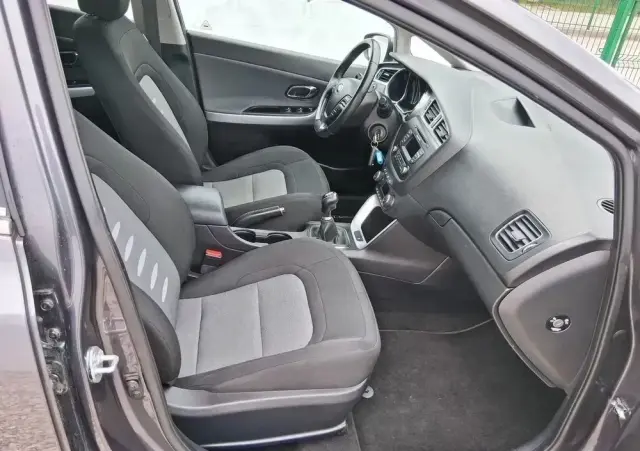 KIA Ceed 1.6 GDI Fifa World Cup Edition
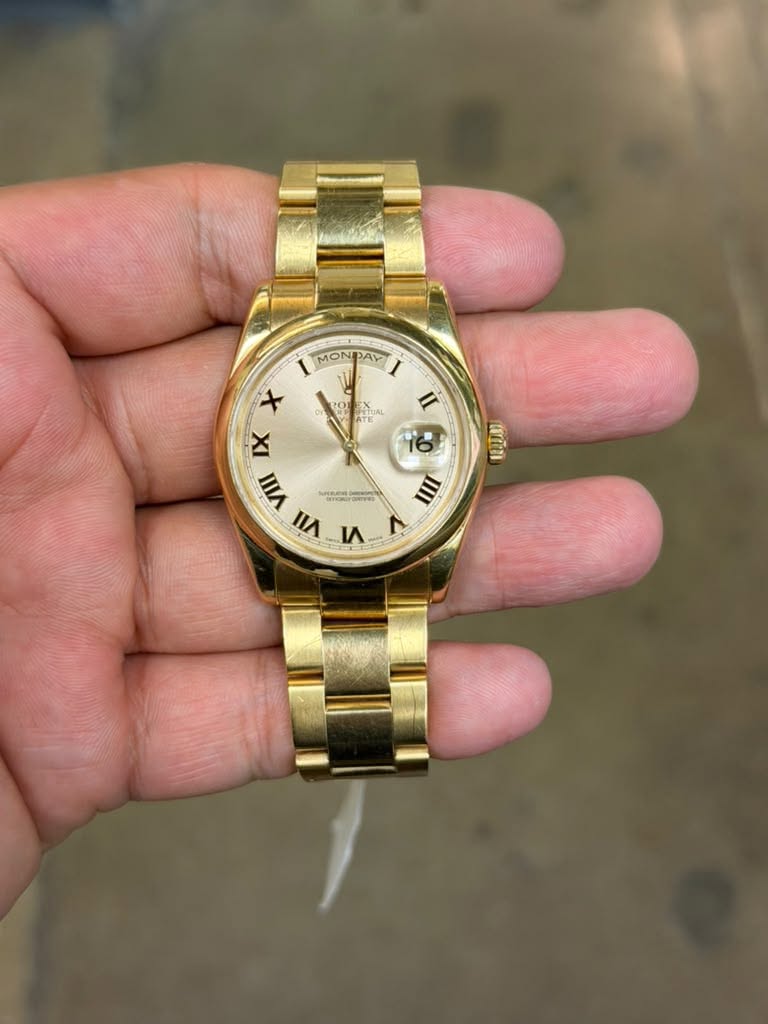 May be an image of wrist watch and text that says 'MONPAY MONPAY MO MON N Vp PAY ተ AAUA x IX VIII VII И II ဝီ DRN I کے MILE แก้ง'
...
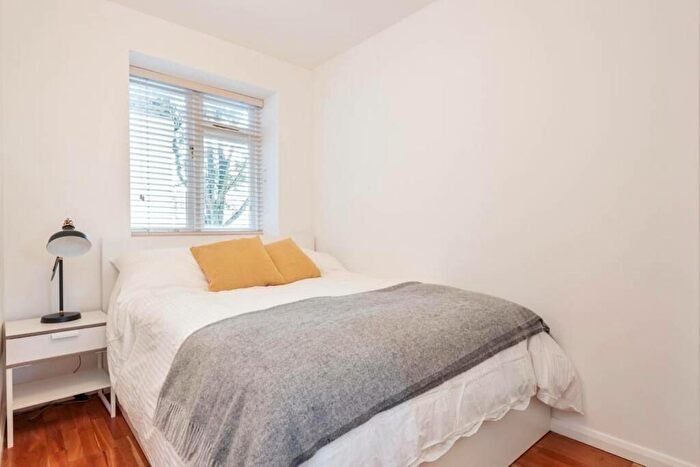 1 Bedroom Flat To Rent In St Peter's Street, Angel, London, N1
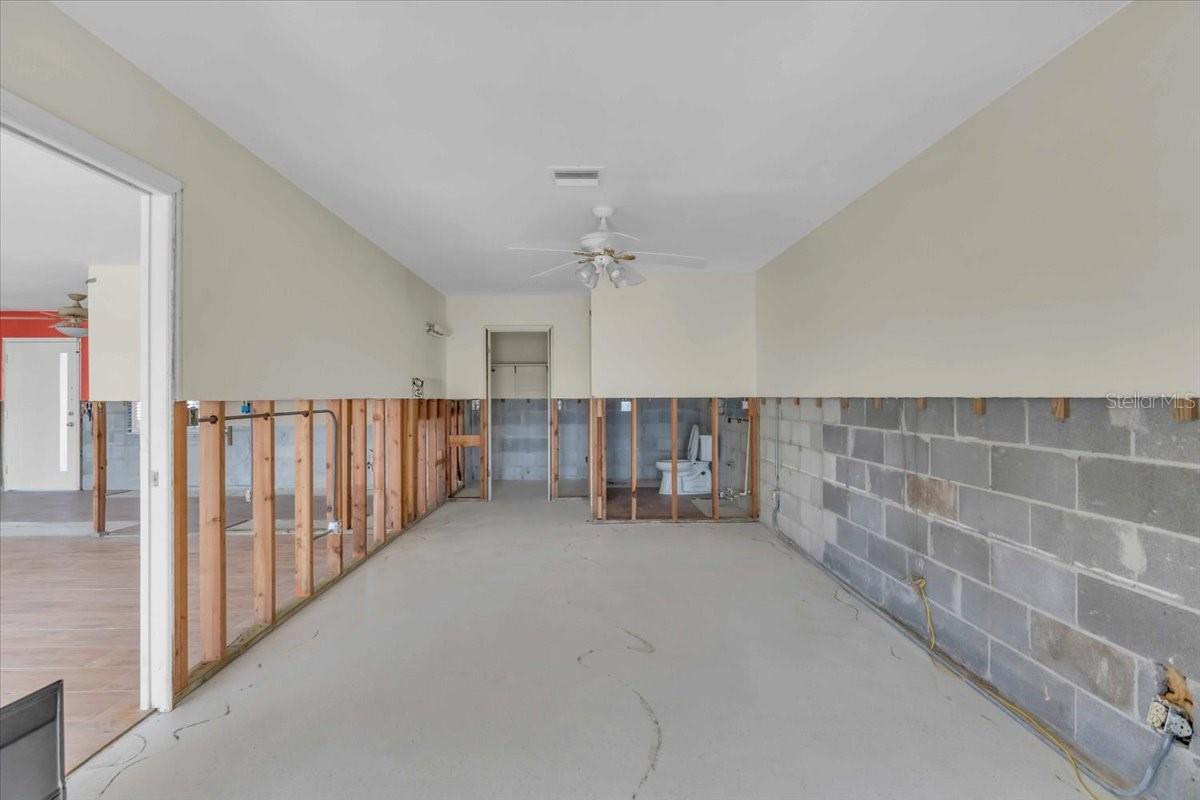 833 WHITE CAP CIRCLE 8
==
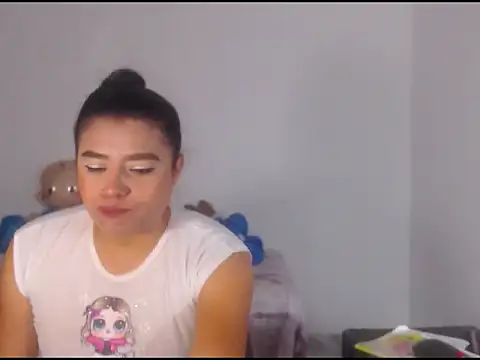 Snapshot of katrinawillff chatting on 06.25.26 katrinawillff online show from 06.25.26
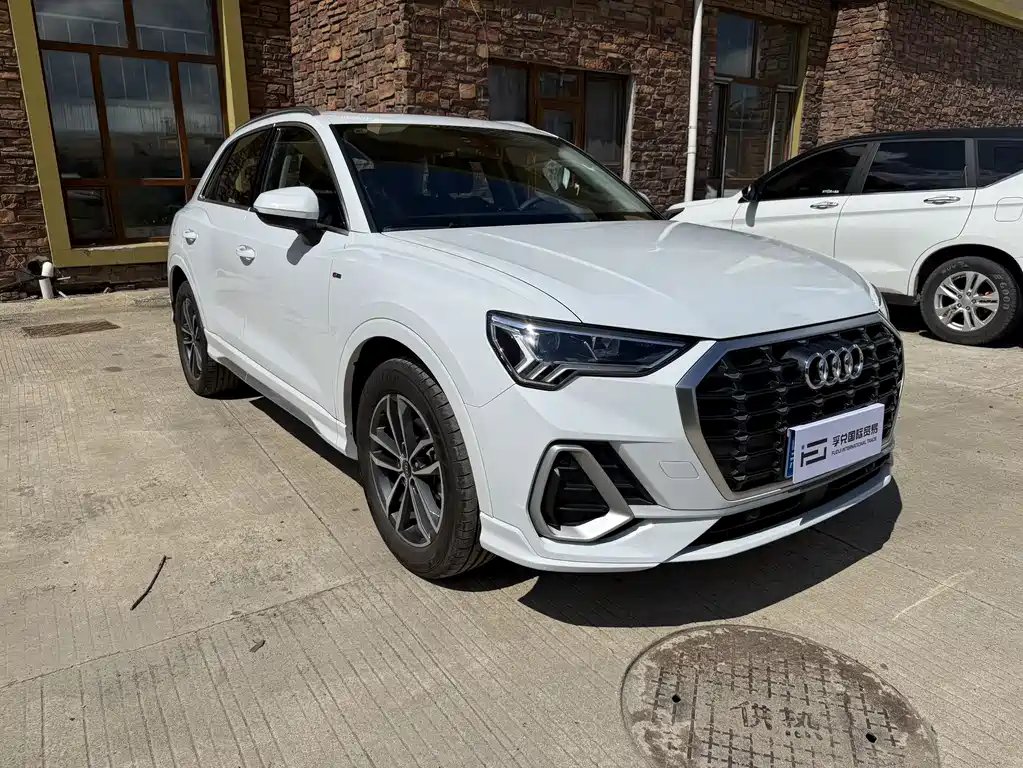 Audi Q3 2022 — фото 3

■ What to do ■
Range to copy from the listing above: the line with "KIA Ceed 1.6 GDI Fifa World Cup Edition" through the line with "May be an image". Transcribe it exactly and skip the pictures.

■ Finished exercise ■
 KIA Ceed 1.6 GDI Fifa World Cup Edition
 May be an image of wrist watch and text that says 'MONPAY MONPAY MO MON N Vp PAY ተ AAUA x IX VIII VII И II ဝီ DRN I کے MILE แก้ง'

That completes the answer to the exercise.